Back in the 90s, the probability of coming across the good, the bad, and the ugly online was a simple ‘X square’, where ‘X’ is a superset of all the things online.
We have come a long way from then.
What started with The Dot Com Bubble in the mid-90s paved the way for establishing a whole new industry around technology in the early 2000s, making ‘information’ one of the most valued resources of the early 21st century. Access to information became the key to drive growth in the IT and other industries across the globe.
The smartphone revolution and Internet penetration have made sure we have access to a seemingly endless feed of content at our fingertips.
While Google’s Search engine was launched to help us efficiently navigate through all of that, it gradually but surely became the catalyst for the ‘trend-based’ content that is plaguing the current news industry.
We now live in a world where we are bombarded with information of all sorts every day. This often leaves us oversaturated, desensitized, and attention deficit.
As we start to care less and less, it’s easy to overlook things. That’s when the lines between the inherently distinct forms of information – news, opinion, rumor, fact, and fiction — start to blur for us.
While the lack of ingenuity is concerning in general, the biggest blow is served to those who are strictly in the business of delivering factual information like data journalists or even historians.
It’s like looking at a news report on estimated food grain loss due to impending locust attack in North India, with the same lens you see a speculative piece on celebrity breakup based on a trending photo. The optics are discomforting.
With the emergence of many news publishers (broadcast and digital), the competition to retain its viewership is getting harder. Thus it is necessary to put together content with the latest necessary information. Well, ideally it is equally important to deliver authentic and balanced news. But, it’s not an ideal world.
Since it takes money to run a newsroom and no one is willing to pay for news, even when they, many ‘straight news’ publishers have armed themselves with a ‘trends desk’ that churns out several listicles a day.

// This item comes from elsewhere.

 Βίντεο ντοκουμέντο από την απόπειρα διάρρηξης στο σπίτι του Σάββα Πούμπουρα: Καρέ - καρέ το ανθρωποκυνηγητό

There is nothing inferior about listicles.
In fact, listicles could be a brilliant format to ease in complex subjects like personal finance management or Dalit Feminism Movement. But surely no one is interested. Personal finance is good SEO around Budget and Dalit Feminism won’t be trending until a Dalit woman hits the headlines.

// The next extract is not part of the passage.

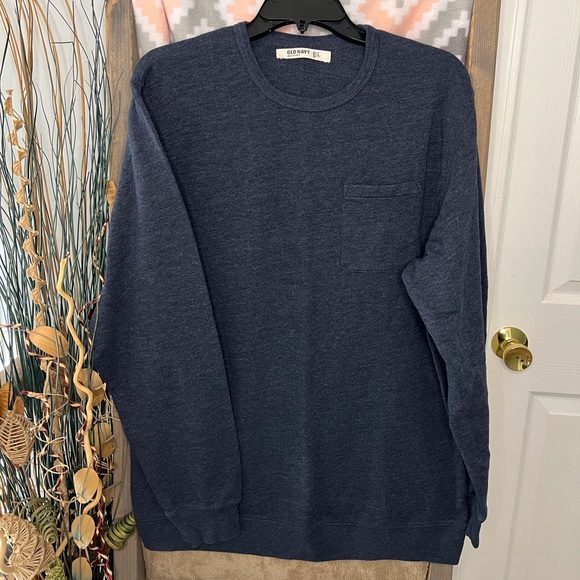 Mens Old Navy crewneck shirt - Picture 1 of 4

Drake’s latest Tik Tok challenge for the win.
When journalistic content struggles to find its identity in the current volatile media space, it is convenient for misinformation to slip in. From deliberately spreading false information during COVID 19 pandemic to rumor-mongering to instigate lynching against Indian minorities, the Fake News machinery is a serious threat to legitimate sources of information and people’s lives.
While media houses (domestic and international) grapple to fact-check the rising number of fake news every day, polarisation has heightened in society, with many refuting mainstream media’s credibility.
Credibility is a major news value and researchers have used various measures and statistical procedures to understand relation between media credibility and viewership.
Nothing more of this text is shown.